There are other sins that deserve our attention, several examples of which come to mind. Christian men, do you see any of these in yourself?
- Cowardice. Are you too much of a coward to talk to the person who upset you and so you just talk about them with others, seeking to convince yourself of your superiority to this person and rally others to your cause?
- Chauvinism. Do you demean the women in your life by interrupting them more than you interrupt men, criticizing women for being angry while excusing men for their anger, excluding women from certain activities or possibilities simply because of their gender?
- Hubris. When exposed for a gap in your thinking, are you unwilling to say “thanks for helping me see things in a new or clearer way,” preferring instead to feign knowledge, either acting like you knew the whole time, or fighting off outside points of view because they threaten your belief in your self-sufficiency and the goodness of your current perspective?
- Indifference. Are you thoughtless about your wastefulness and unwilling to learn more about how your buying habits affect the earth because you are not willing to make the necessary changes to your lifestyle that may not be optional but crucial for our survival and which often most harm the most vulnerable in our world?
- Prejudice. Are you prejudiced toward other races and nationalities or do you benefit, if you are white, simply from being white, but scared to really examine yourself to root out such prejudices, because you believe yourself to a be nice guy and the possibility of your complicit racism does not mesh well with your current self-perception?

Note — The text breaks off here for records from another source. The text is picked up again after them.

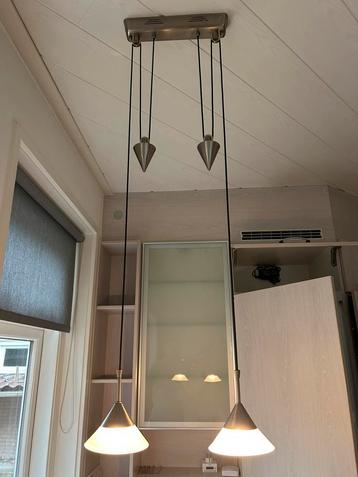 Hanglamp beschikbaar voor biedingen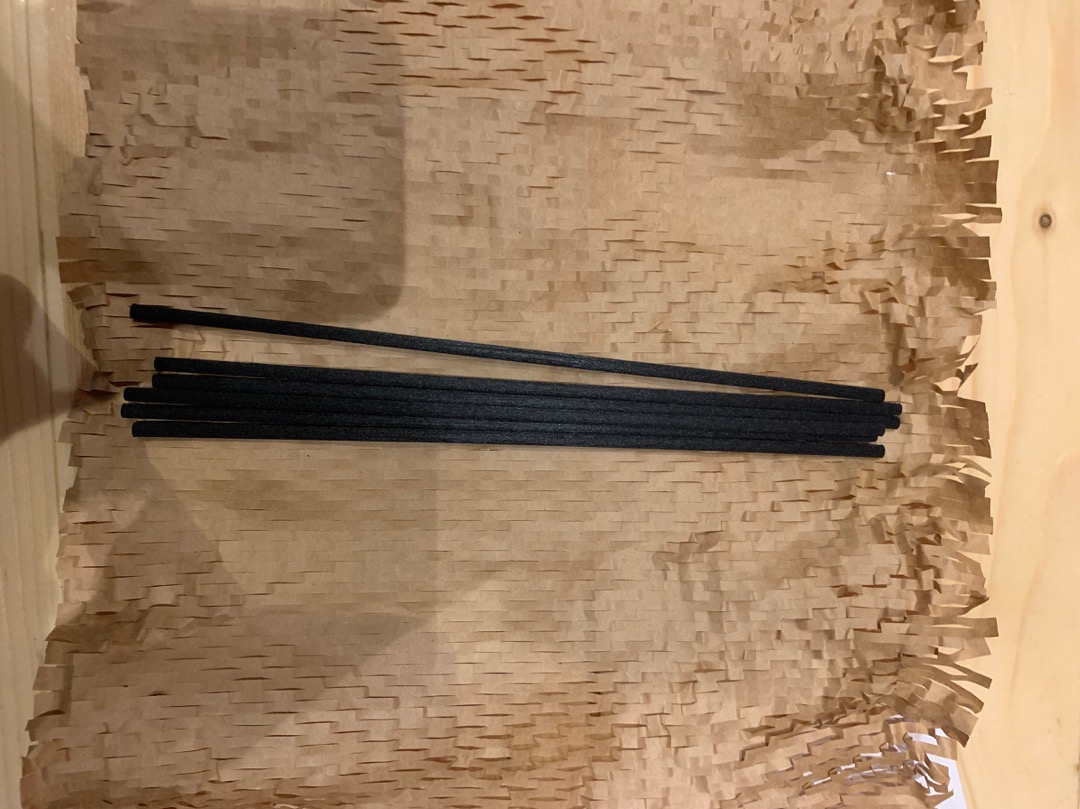 Rumah Atsiri - Fiber Stick For Reed Diffuser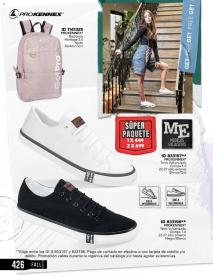 Catálogos virtuales Price Shoes 16/08/2024 Price Shoes catálogo Fall página 426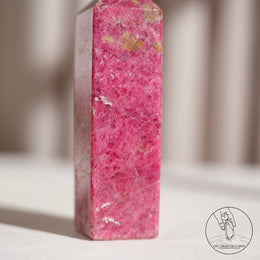 Rhodonite Tower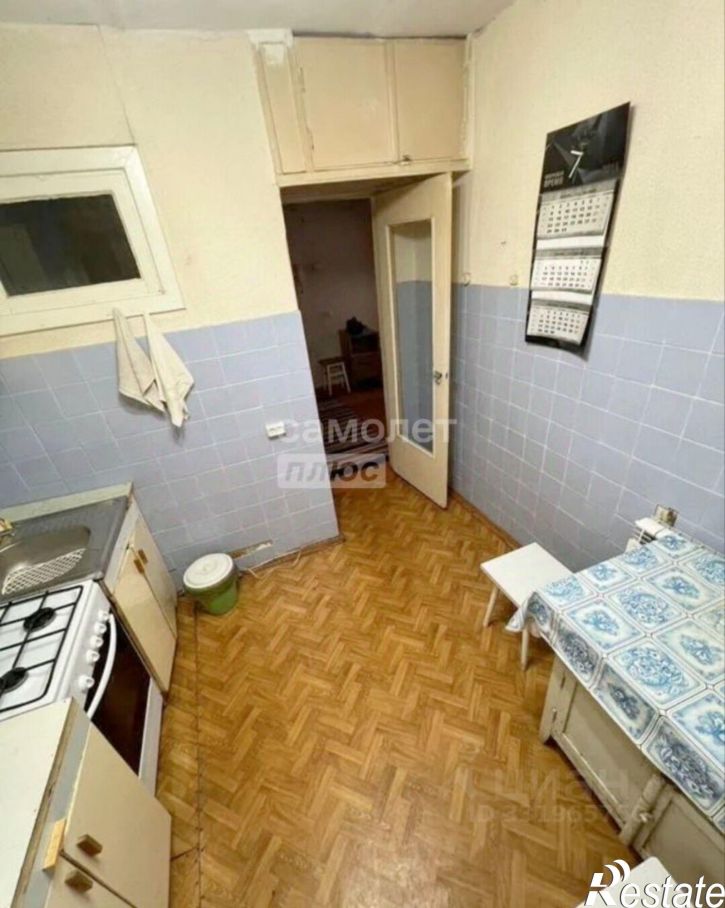 2-комн квартира Липецк г., Советский, Московская ул.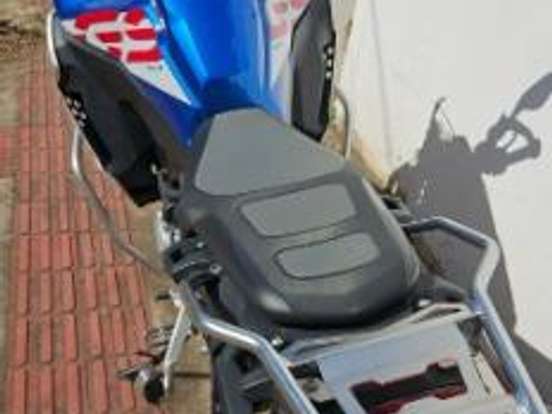 BMW-F 850 GS ADVENTURE PREMIUM BMW-F 850 GS ADVENTURE PREMIUM-2019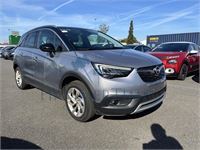 Opel Crossland 1.2 Turbo Elegance S/s 130 At, 2020 – foto 4 – kavel bij Hammertime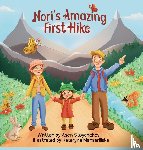 Stoyanchev, Asen - Nori's Amazing First Hike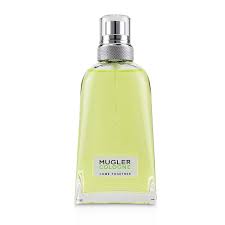 His perfumes have their own universe, which we can perfectly see even in the famous and iconic fragrance of mugler alien. Thierry Mugler Mugler Mugler Cologne Come Together Eau De Toilette Spray 100ml 3 3oz M Eau De Toilette Free Worldwide Shipping Strawberrynet Others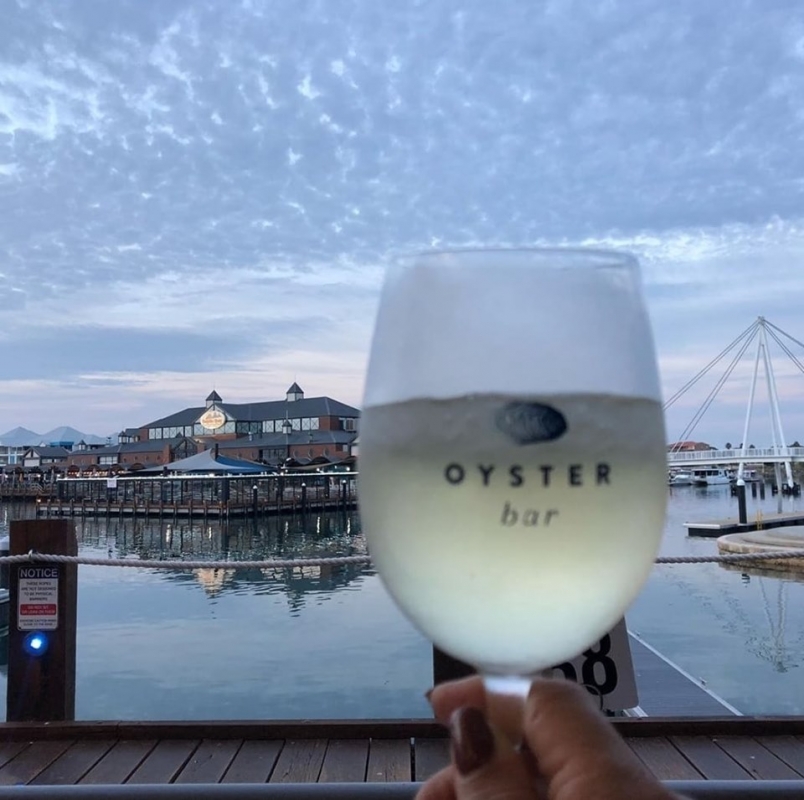 Oyster Bar Mandurah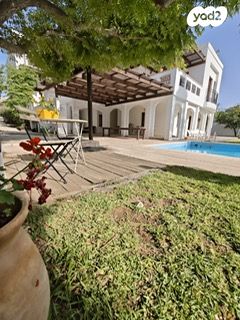 בית פרטי/ קוטג', קיסריה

- Anxiety-ridden bullying. Do you bully people because you think you are invincible and that it is a sign of strength to push people around, behavior which might actually be masking some deeper anxieties within you?
- Jealousy. Are you terrified that other people’s successes indicate that you might be a failure, and so you resent others when they succeed at something, coming even to wish for their downfall so that you can feel better about yourself?
- Control. Do you get angry when you cannot successfully control and manipulate others and so react strongly—either with loud exclamations or silent brooding—when you feel you are losing such control?
- Neediness. Despite your image of rugged manliness, are you actually quite needy in a way that turns a healthy instinct—your desire for companionship and connection—into an anxious and oppressive one, where you lash out at others in overt and subtle ways when you feel ignored by them?
- Armchair criticism. Are you bothered by the problems you see around you but unwilling to actually do anything constructive to be a part of the solution, preferring self-righteous critique of the problem or of the “flawed” ways others are actively trying to be a part of the solution?
We risk shame and humiliation in exposing our secret vices, yes. We risk viciousness and mistreatment of others in pretending they do not exist.
Christian men, there are many more subtle and insidious forces at work within us, beyond our sexual urges, that harm us and the people with whom our lives intersect. Forces that keep all of us from flourishing, from wholeness, from freedom. Let’s muster the courage to name those, too, since our flaws do not just hurt us or our relationship with God. They also hurt other people.